The holiday season has started and so has the season of wu. In our local mall a company from Colorado is selling magnet therapy. Now if you want to buy these charms as jewelry that is one legitamate option, and they do look good. However, these sales people are hawking the magnets as, according to their broucher, a "wholly natural event". And, mind you, and it is "neither magic nor medicine." They claim that for thousands of years the Chinese have been using to help with a whole panaply of ailments. They list arthritis, migraines, sports injuries ease the pain. That is only some, here are more: acne, allergies, asthma, back pain, high blood pressure, bunions, bursititis, diabetes, carpel tunnel syndrome, chronic fatigue syndrome, colitis, cramps, earaches, fibromylagia, frozen shoulder, heel spurs, insomnia, joint pain (wait I thought that was arthritis, it is different?), menstrual cramps, osteoporosis, poor circulation, rheumatoid arthritis and tennis elbow. It is recommended by these charlatons that you wear the magnets 24 hours a day, and only removing them to bath. They apparently have testimony that migraine suffers get relief in 20 minutes, and most people, dare I say gullibles, notice results in 3-5 days, but may take a couple weeks.

They claim that sports medicine people, physical therapists, neurologists, chiropractors, and doctors are recommending them. All sorts of people from young to old and the family pets and race horses use them. They say that research has shown that they work. Really? A 1997 study at Baylor College of Medicine did a double blind study of 50 patients with post polio pain syndrome for pain in there knees. They found an effect. However, no study since has been able to reproduce those results. A University of Maryland physics professor Robert Park casts doubt with explaining there is no plausible explaination. There is no evidence in the archeological record that the Chinese in ancient times used magnets. Anton Mesmer, of mesmerizing fame, a Viennese physician met a Jesuit priest in the 1770s by the name of Maximillian Hell who claimed that he used magnets to cure people. He copied it, but later found that he could get the same results without the magnets. New York Podiatric Medical College in a study found no effect on heel pain. C. Z. Hong in 1982 found no effect in wearing necklaces made of magnets in relieving neck or shoulder pain. A study in 2002 found no effect in carpel tunnel syndrome.

Magnets are $150 million industry in the U.S. and maybe more. There is only one study by a Dr. Mark S. George, an Asst. Prof. of Psychiatry, Neurology, and Radiology at the Medical University of South Carolina in Charleston who has done a double blind controlled study in only 12 patients using repetative transcranial magnetic stimulation, with very strong specific type of magnetism and has found some effect with depression. More research is being done. The magnets used by these people is no more effective than the every day common refrigerator magnet. If one takes, say, anywhere from 4-10 pieces of plan paper between the magnet and a paper clip, the effect is negated and a paper clip will fall. That is to say if you wear a magnet its force cannot even get through your skin, let alone get to the site that ails you. The National Center for Complementary and Alternative Medicine (a segment of NIH) states "overall, the reseach findings so far do not firmly support claims that magnets are effective for treatment of pain."

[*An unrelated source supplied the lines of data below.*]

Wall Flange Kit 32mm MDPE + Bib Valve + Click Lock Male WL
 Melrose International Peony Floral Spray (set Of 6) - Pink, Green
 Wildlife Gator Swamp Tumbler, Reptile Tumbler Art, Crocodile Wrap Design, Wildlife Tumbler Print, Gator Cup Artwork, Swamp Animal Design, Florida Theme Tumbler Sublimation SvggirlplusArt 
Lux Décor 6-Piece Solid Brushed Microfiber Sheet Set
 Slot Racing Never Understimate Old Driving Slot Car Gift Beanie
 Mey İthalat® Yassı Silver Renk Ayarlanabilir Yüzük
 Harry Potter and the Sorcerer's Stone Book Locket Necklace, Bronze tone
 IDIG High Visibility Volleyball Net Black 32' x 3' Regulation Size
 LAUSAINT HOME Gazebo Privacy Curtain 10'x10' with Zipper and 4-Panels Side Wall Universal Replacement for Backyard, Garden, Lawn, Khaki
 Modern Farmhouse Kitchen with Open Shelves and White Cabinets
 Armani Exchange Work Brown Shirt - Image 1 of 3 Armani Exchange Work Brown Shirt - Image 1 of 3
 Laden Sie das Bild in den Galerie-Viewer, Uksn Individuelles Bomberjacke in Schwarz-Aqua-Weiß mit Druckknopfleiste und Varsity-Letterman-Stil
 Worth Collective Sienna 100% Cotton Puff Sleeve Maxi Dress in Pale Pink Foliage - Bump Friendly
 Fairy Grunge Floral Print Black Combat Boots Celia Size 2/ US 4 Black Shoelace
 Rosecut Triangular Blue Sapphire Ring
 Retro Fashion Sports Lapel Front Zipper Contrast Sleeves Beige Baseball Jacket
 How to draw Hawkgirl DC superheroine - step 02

The marketers have some laughable precautions if you are pregnant, have a pacemaker, and warn about using them on your abdomen after eating. They guarantee the product and promise to buy them back if they don't work. Right? If you want a piece of jewelry that is one thing, but buying something that may delay seeking out legitimate evaluation and treatment for a illness may be lethal if you delay to partake of this wu.

Peace
Skeptical DoDo

1 comment:

Anonymous said...

I agree that this is BS, even certifiable maybe. Also the guy who was selling it looked so shady, I wouldn't buy a coke can from him let alone a health aid. But you are right, they do make good jewellery!!